WHAT THE TASK REQUIRES »
All that is wanted is the line with "De-Ani Sterling Silver" and each line after it to the end of the data below, set down exactly and without pictures.

(INFORMATION SUPPLIED)

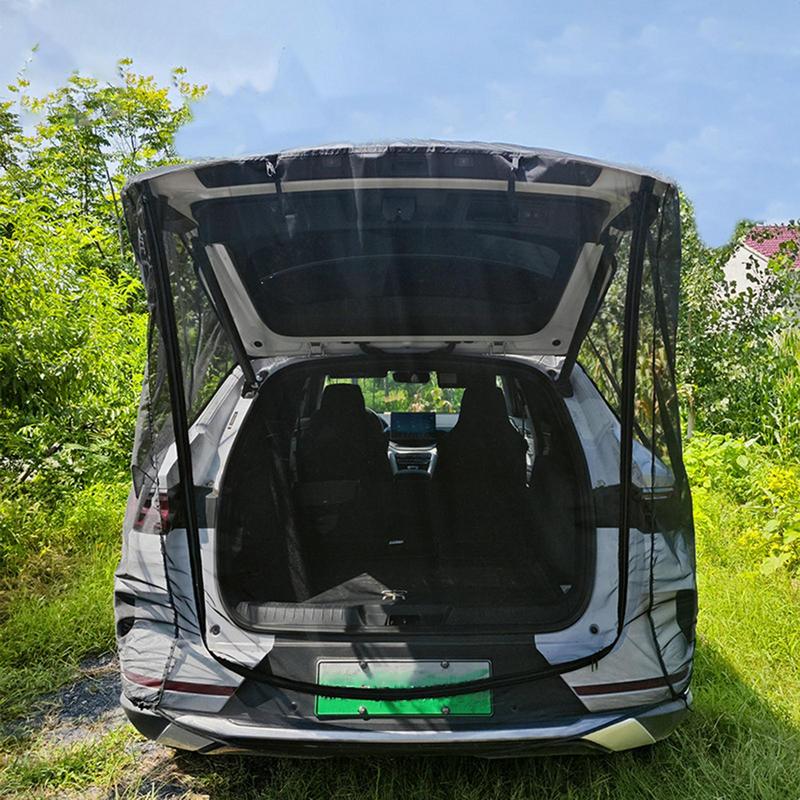 SUV Trunk Tailgate Mosquito Net Tent Car Tailgate Sunshade With Zipper Breathable Insect-proof UV-proof SUV Trunk Curtain 8c31a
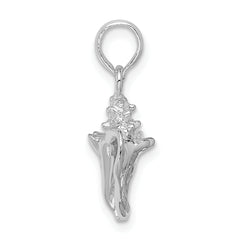 De-Ani Sterling Silver Rhodium-Plated Polished 3D Conch Pendant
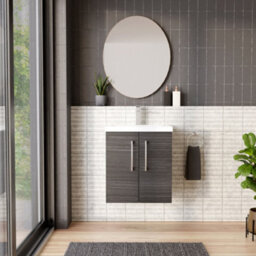 Balterley Contemporary Bathroom Wall Hung 2 Soft-Close Door Vanity Unit & Mid-Edge Ceramic Basin, Anthracite Woodgrain, 500 mm - thumbnail 2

(End INFORMATION SUPPLIED)

YOUR RESPONSE »
 De-Ani Sterling Silver Rhodium-Plated Polished 3D Conch Pendant
 Balterley Contemporary Bathroom Wall Hung 2 Soft-Close Door Vanity Unit & Mid-Edge Ceramic Basin, Anthracite Woodgrain, 500 mm - thumbnail 2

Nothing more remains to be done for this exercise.